More modern shutdowns Madory has been tracking have been increasingly reliant on shutting down mobile internet service—so that anti-government protesters are blocked from communicating—but leaving up fixed line services so government offices, people working in office buildings, and wealthy people with connections in their homes can stay online while protesters are left in the dark, says Madory.

Kentik has not seen much activity regarding outages in Afghanistan in recent days, but Madory told The Daily Beast his team’s visibility into the country is not necessarily precise enough to reveal meaningful updates about on-the-ground realities.
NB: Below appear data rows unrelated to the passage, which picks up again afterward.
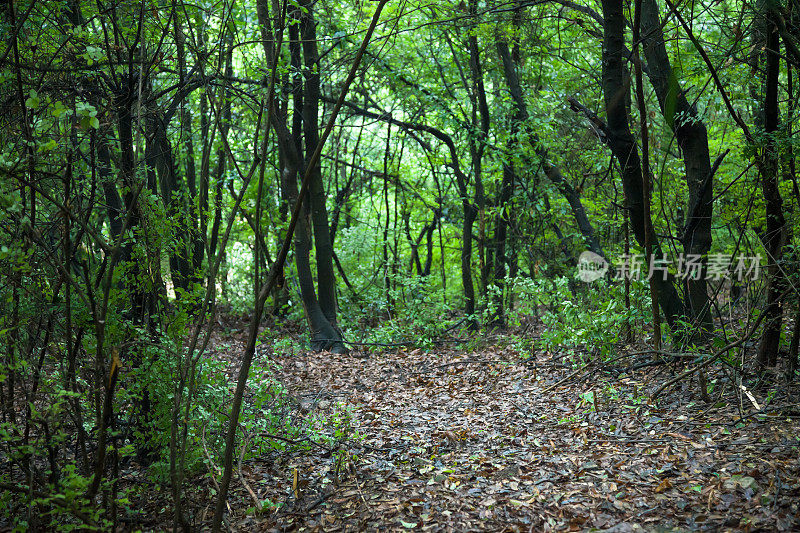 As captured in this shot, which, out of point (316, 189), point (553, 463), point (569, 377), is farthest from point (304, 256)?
point (553, 463)

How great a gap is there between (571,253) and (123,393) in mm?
8823

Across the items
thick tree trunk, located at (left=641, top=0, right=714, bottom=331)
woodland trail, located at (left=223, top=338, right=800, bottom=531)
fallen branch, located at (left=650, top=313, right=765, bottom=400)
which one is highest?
thick tree trunk, located at (left=641, top=0, right=714, bottom=331)

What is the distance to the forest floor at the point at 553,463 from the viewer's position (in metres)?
3.54

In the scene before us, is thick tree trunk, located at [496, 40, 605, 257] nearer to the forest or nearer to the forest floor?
the forest

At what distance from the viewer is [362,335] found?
9.77 m

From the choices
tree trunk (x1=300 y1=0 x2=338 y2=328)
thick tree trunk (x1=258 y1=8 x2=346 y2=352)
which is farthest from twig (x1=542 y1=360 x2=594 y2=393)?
tree trunk (x1=300 y1=0 x2=338 y2=328)

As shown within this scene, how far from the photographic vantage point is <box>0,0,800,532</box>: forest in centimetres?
333

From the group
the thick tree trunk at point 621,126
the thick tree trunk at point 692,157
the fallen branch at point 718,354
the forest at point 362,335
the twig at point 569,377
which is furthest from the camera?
the twig at point 569,377

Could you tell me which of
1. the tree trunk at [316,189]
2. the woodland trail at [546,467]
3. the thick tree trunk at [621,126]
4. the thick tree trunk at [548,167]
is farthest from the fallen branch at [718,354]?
the tree trunk at [316,189]

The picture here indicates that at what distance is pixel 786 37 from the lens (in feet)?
14.5

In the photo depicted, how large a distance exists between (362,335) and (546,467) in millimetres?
5680

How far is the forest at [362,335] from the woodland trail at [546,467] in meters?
0.02

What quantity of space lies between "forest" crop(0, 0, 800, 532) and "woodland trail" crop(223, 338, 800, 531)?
0.02 m

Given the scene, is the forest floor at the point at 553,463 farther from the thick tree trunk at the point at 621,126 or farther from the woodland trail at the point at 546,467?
the thick tree trunk at the point at 621,126
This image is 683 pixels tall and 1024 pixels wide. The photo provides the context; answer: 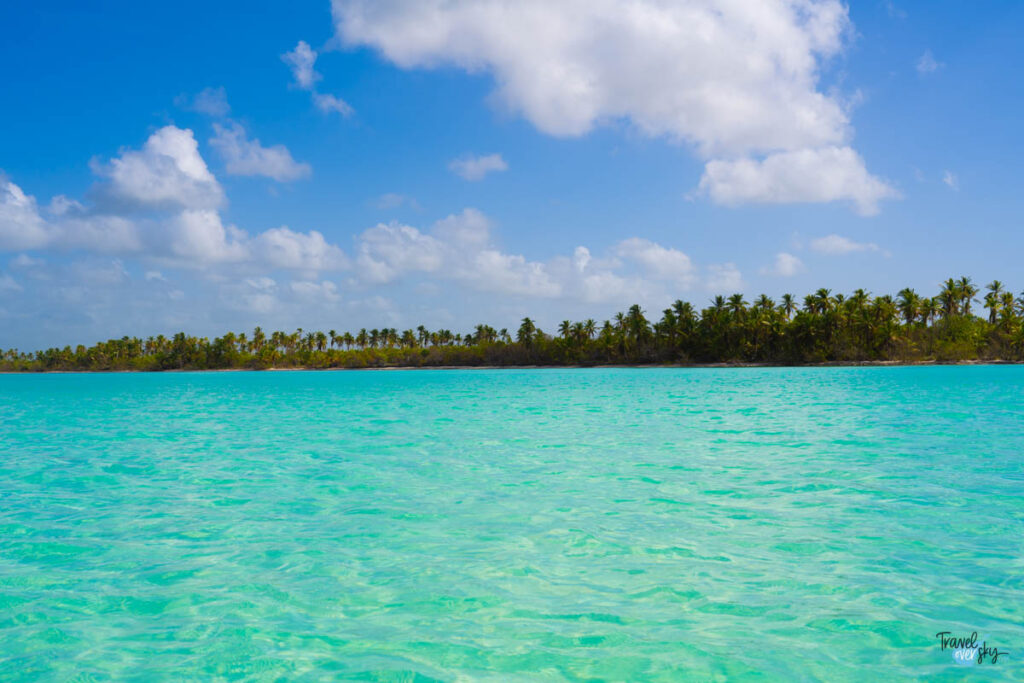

Moving forward, the Taliban will likely use internet outages to bend the will of the Afghan people, while maintaining some connectivity for their own purposes, says Douglas London, the CIA’s former counterterrorism chief for South and Southwest Asia. “The Taliban need control and they prosper when there’s less connectivity to the outside world,” London told The Daily Beast. “They’ll try to use it for their own means… monitor dissent, identify threats to them.”

Just how far the Taliban are willing and able to go with forced internet outages remains to be seen. Historically, the major telecommunications companies in Afghanistan have struggled to balance their desire to keep the internet on for Afghans with the pressures of Taliban insurgents threatening violence against staff if they don’t comply, a former U.S. official who worked with the telecommunications firms to build up the industry in Afghanistan told The Daily Beast.

“In general there was resistance against it… everybody wanted internet… [The companies] had a willingness to keep this on and help out their fellow Afghans rather than designing to the Taliban’s threats,” the former U.S. official said. “But… if [they threaten to] kidnap a whole bunch of your staff: It’s like do I turn off the tower or do I lose these people who are friends and family?”

The major telecommunications companies in the country did not return requests for comment.

A military officer operating in the CENTCOM region suggested the Taliban could continue affecting service through coercion and threats of violence toward the companies, as they have many times before.“Through the threat of violence you could likely make it very unattractive to not comply with what they’re asking,” the officer told The Daily Beast.

“All of these companies are used to dealing with loss,” the former U.S. official who helped build up the telecommunications industry in Afghanistan told The Daily Beast. “I think they’ll continue to kind of resist to a large degree—but everybody has their breaking points.”